Scraped caption text data →
● ● ●

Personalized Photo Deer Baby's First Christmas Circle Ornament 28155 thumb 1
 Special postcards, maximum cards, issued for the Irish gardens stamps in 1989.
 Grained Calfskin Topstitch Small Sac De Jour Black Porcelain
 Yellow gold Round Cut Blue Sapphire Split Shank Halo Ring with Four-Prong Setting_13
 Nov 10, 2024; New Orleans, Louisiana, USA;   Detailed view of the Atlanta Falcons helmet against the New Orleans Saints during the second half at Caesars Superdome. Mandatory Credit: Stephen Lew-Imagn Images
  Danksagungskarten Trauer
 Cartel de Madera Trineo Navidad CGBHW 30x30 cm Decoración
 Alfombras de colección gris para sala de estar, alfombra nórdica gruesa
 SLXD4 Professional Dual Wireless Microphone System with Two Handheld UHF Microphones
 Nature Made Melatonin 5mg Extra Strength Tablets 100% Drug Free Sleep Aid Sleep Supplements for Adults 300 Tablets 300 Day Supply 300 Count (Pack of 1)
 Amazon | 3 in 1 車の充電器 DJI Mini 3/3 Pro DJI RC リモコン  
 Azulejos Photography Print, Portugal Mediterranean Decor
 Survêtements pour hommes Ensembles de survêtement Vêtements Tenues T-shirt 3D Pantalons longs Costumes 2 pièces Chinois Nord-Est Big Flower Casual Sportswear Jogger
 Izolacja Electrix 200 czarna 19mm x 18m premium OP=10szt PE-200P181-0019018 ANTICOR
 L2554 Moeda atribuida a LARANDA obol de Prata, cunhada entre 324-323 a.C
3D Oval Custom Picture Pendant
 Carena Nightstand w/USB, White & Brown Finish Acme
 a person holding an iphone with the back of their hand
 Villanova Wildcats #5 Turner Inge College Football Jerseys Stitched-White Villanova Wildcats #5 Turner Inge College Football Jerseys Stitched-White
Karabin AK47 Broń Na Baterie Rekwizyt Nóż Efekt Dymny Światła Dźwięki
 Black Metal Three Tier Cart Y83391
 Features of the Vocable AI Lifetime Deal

● ● ●

Exercise details → Output the entries above in their entirety, exactly as written.

Result of this task →
Personalized Photo Deer Baby's First Christmas Circle Ornament 28155 thumb 1
 Special postcards, maximum cards, issued for the Irish gardens stamps in 1989.
 Grained Calfskin Topstitch Small Sac De Jour Black Porcelain
 Yellow gold Round Cut Blue Sapphire Split Shank Halo Ring with Four-Prong Setting_13
 Nov 10, 2024; New Orleans, Louisiana, USA;   Detailed view of the Atlanta Falcons helmet against the New Orleans Saints during the second half at Caesars Superdome. Mandatory Credit: Stephen Lew-Imagn Images
  Danksagungskarten Trauer
 Cartel de Madera Trineo Navidad CGBHW 30x30 cm Decoración
 Alfombras de colección gris para sala de estar, alfombra nórdica gruesa
 SLXD4 Professional Dual Wireless Microphone System with Two Handheld UHF Microphones
 Nature Made Melatonin 5mg Extra Strength Tablets 100% Drug Free Sleep Aid Sleep Supplements for Adults 300 Tablets 300 Day Supply 300 Count (Pack of 1)
 Amazon | 3 in 1 車の充電器 DJI Mini 3/3 Pro DJI RC リモコン  
 Azulejos Photography Print, Portugal Mediterranean Decor
 Survêtements pour hommes Ensembles de survêtement Vêtements Tenues T-shirt 3D Pantalons longs Costumes 2 pièces Chinois Nord-Est Big Flower Casual Sportswear Jogger
 Izolacja Electrix 200 czarna 19mm x 18m premium OP=10szt PE-200P181-0019018 ANTICOR
 L2554 Moeda atribuida a LARANDA obol de Prata, cunhada entre 324-323 a.C
3D Oval Custom Picture Pendant
 Carena Nightstand w/USB, White & Brown Finish Acme
 a person holding an iphone with the back of their hand
 Villanova Wildcats #5 Turner Inge College Football Jerseys Stitched-White Villanova Wildcats #5 Turner Inge College Football Jerseys Stitched-White
Karabin AK47 Broń Na Baterie Rekwizyt Nóż Efekt Dymny Światła Dźwięki
 Black Metal Three Tier Cart Y83391
 Features of the Vocable AI Lifetime Deal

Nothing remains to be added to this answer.